____ Source material
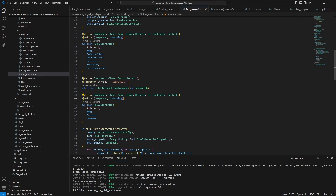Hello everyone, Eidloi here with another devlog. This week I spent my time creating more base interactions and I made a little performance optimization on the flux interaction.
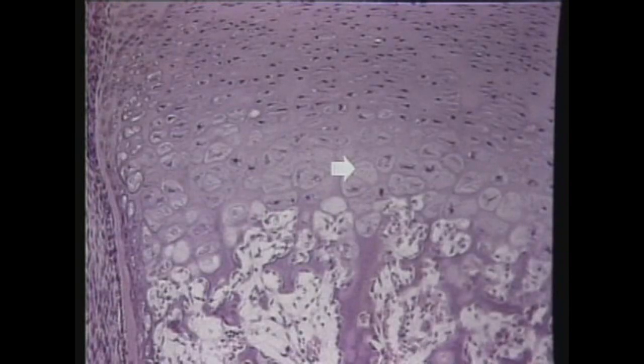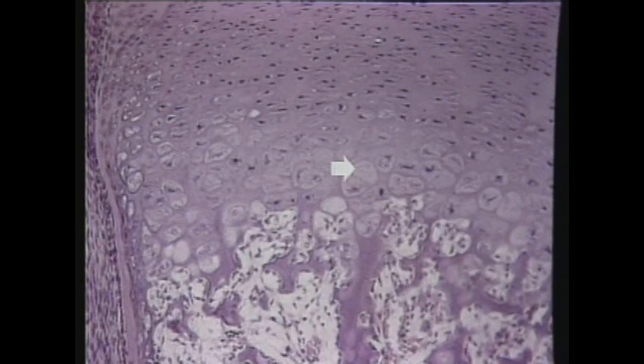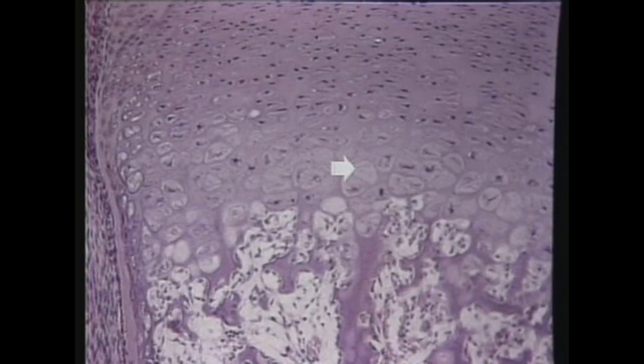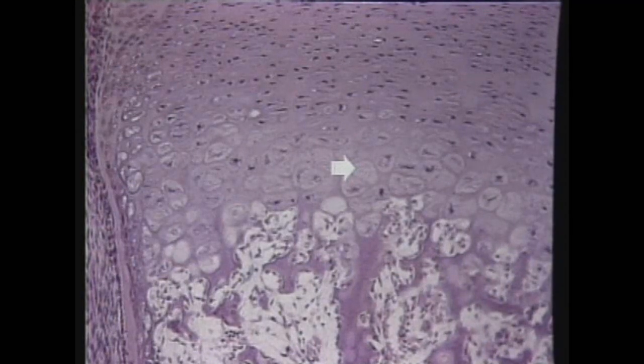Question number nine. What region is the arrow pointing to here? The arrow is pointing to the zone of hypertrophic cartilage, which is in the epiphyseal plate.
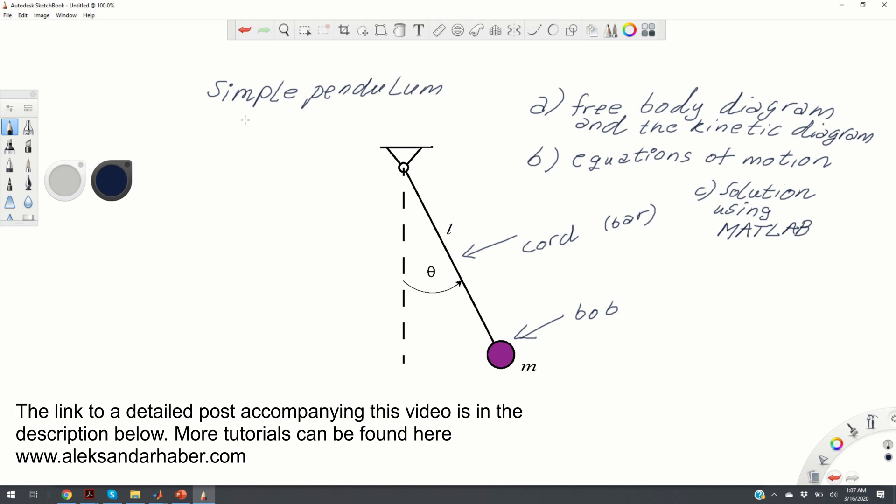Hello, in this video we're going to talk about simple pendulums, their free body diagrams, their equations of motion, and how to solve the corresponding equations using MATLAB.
________
- [Work instructions]:
The data above must be copied exactly. Leave out the pictures.

- [Response to the exercise]:
Hello everyone, Eidloi here with another devlog. This week I spent my time creating more base interactions and I made a little performance optimization on the flux interaction.
Question number nine. What region is the arrow pointing to here? The arrow is pointing to the zone of hypertrophic cartilage, which is in the epiphyseal plate.
Hello, in this video we're going to talk about simple pendulums, their free body diagrams, their equations of motion, and how to solve the corresponding equations using MATLAB.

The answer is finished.